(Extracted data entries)
_ _ _ _
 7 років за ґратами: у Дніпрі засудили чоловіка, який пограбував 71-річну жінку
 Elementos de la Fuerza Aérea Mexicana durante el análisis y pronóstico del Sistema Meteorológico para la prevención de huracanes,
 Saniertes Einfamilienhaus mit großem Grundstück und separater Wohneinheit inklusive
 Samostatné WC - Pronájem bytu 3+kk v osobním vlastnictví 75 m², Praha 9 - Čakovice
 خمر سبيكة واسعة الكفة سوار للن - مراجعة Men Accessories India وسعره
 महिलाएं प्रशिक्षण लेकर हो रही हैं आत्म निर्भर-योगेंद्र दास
_ _ _ _
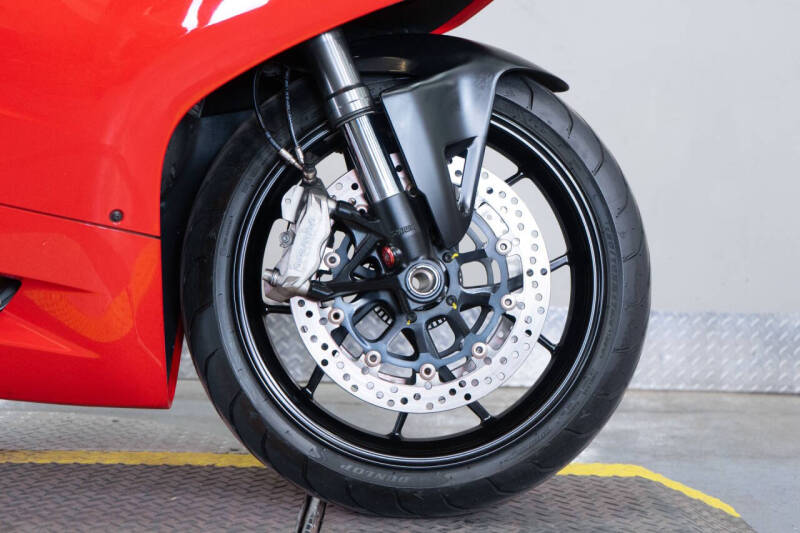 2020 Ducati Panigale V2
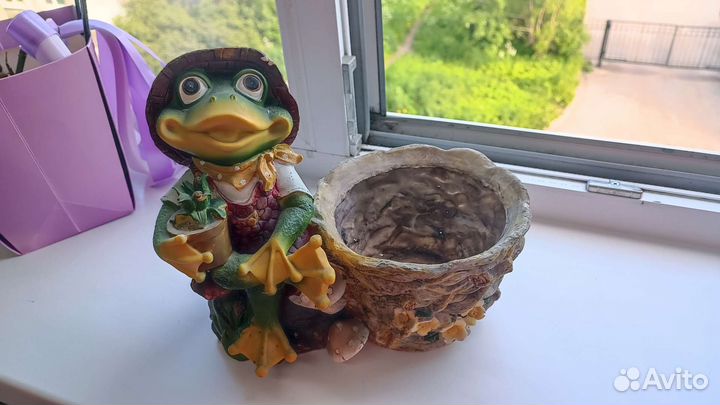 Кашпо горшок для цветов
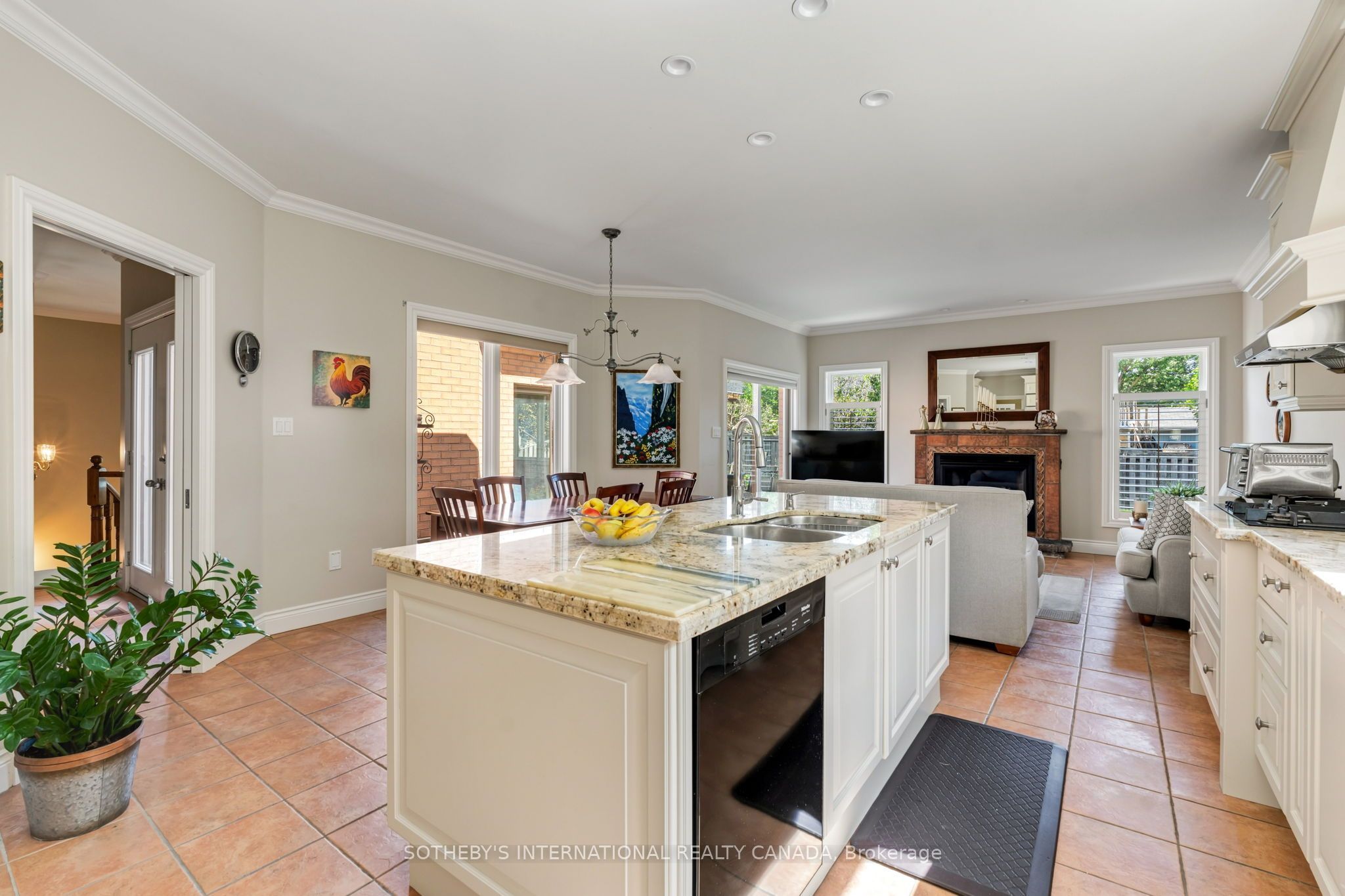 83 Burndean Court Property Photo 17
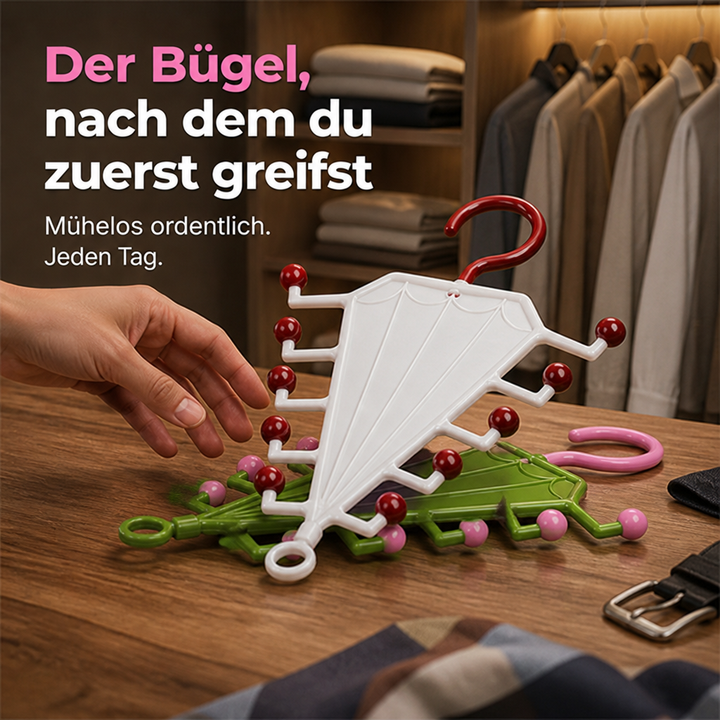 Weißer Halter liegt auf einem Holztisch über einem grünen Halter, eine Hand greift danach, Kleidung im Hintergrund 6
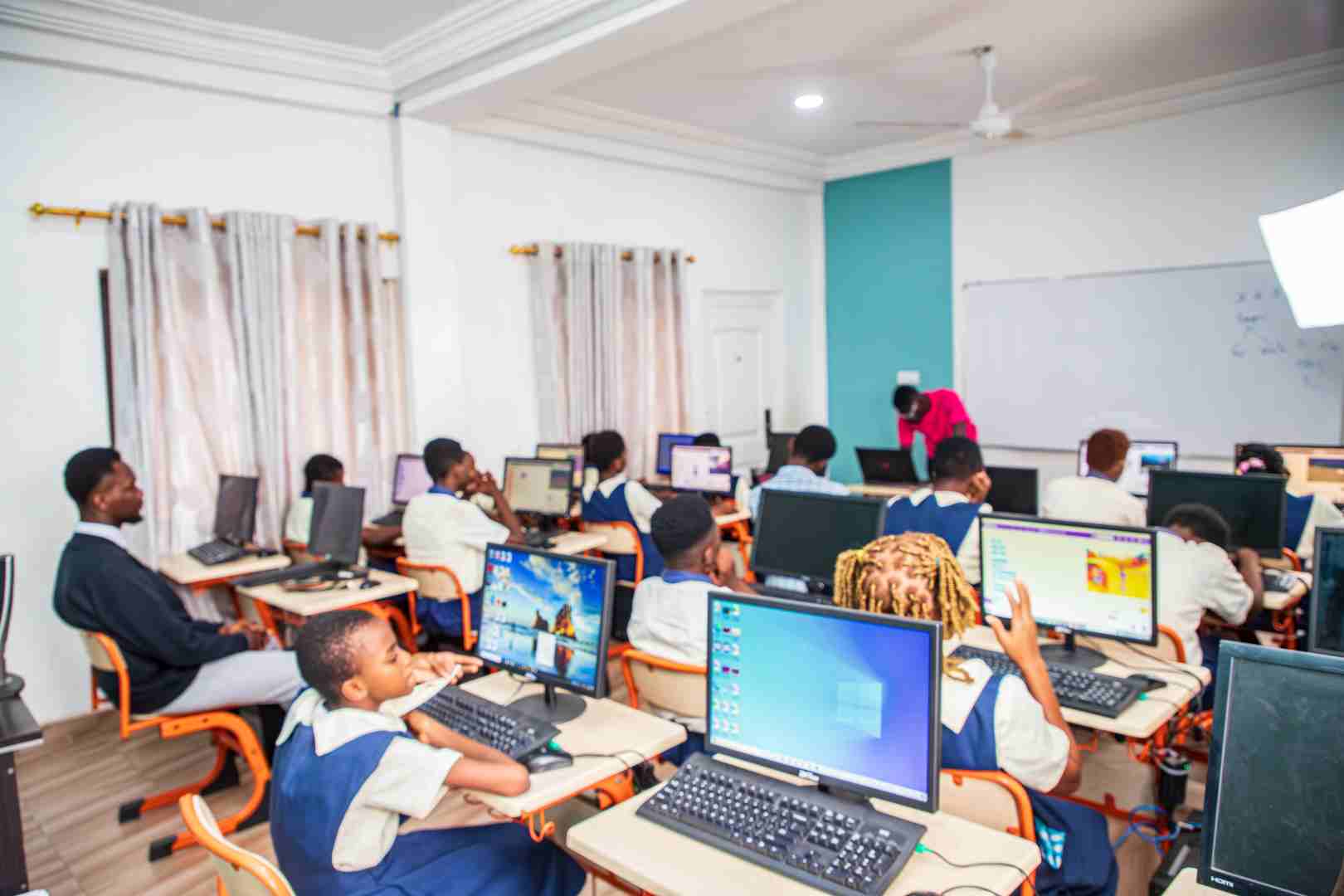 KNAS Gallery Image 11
_ _ _ _
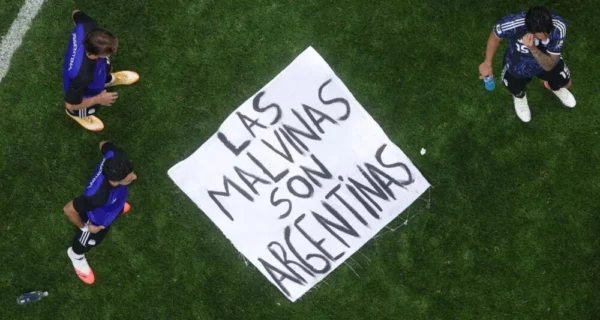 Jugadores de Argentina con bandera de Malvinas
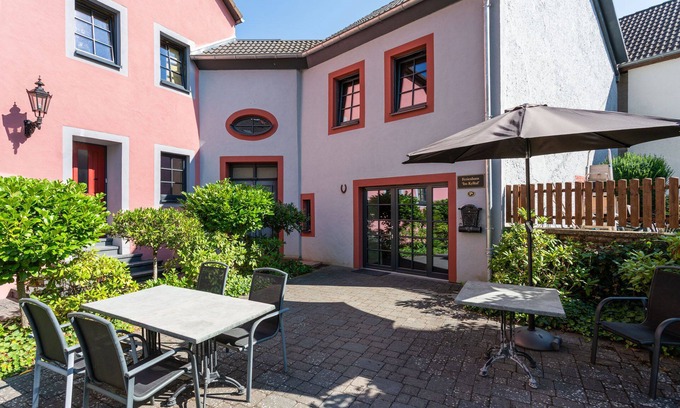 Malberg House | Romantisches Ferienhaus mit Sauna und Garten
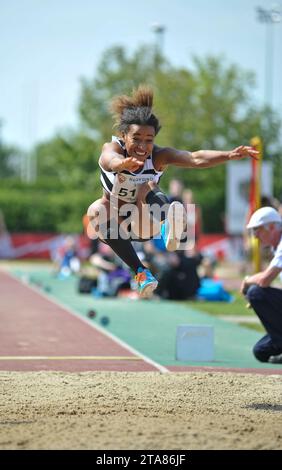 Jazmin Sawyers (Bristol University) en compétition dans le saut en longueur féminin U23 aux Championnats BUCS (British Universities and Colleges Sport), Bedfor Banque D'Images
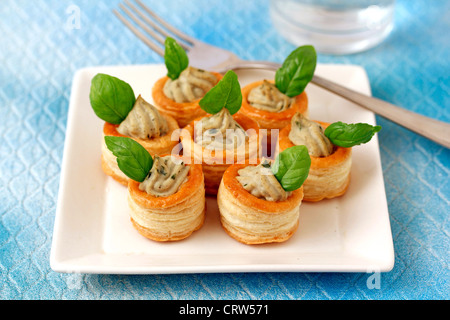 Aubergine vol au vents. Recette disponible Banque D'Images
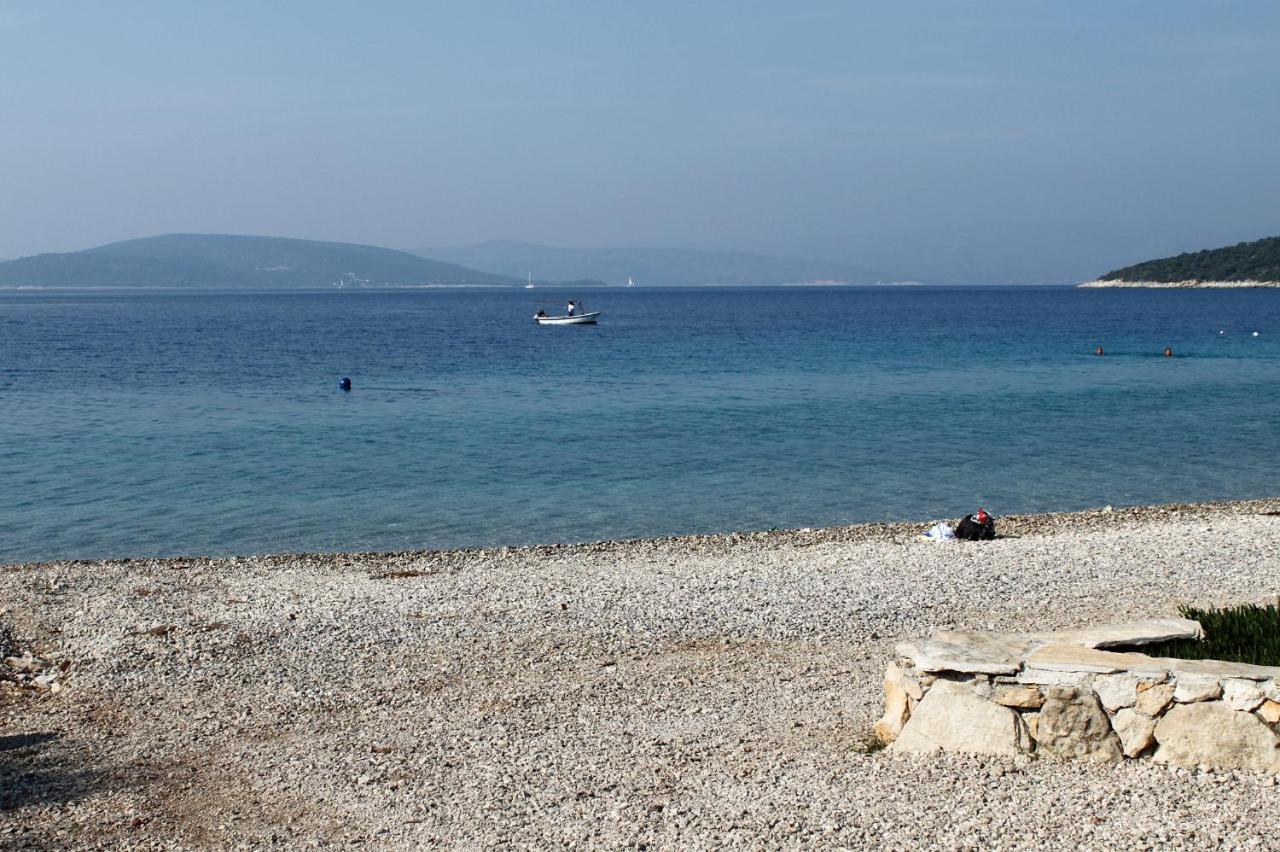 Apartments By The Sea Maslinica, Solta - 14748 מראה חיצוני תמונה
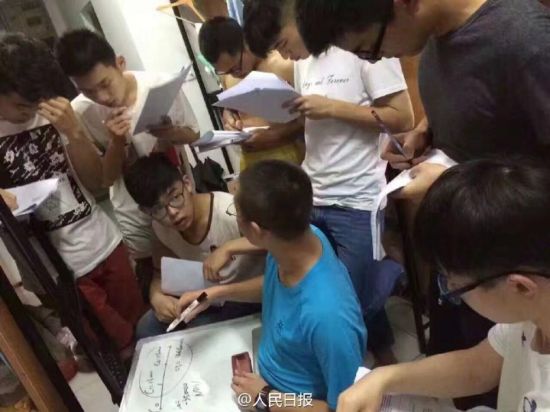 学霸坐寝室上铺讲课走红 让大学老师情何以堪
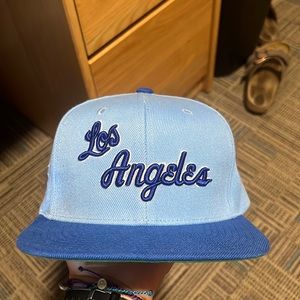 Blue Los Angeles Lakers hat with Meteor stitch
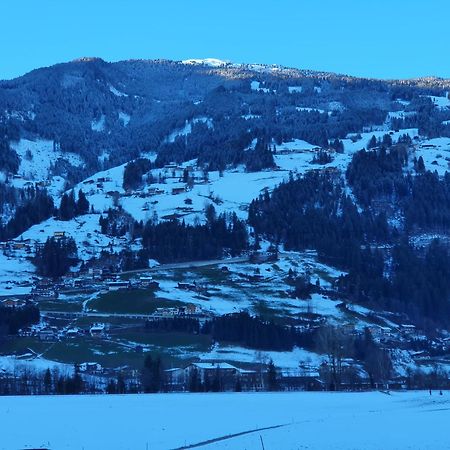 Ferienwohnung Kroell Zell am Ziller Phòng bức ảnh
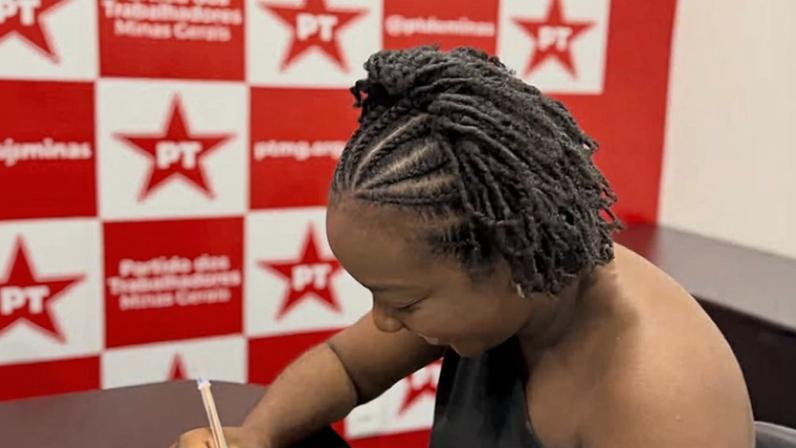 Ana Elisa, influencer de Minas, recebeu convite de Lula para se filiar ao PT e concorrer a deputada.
_ _ _ _
:: BRIEF ::
From the records above, give again only the part that opens with the line containing "Blue Los Angeles" and closes with the line containing "Ana Elisa, influencer". Keep both ends but drop the pictures.

:: ANSWER TO THIS EXERCISE ::
 Blue Los Angeles Lakers hat with Meteor stitch
 Ferienwohnung Kroell Zell am Ziller Phòng bức ảnh
 Ana Elisa, influencer de Minas, recebeu convite de Lula para se filiar ao PT e concorrer a deputada.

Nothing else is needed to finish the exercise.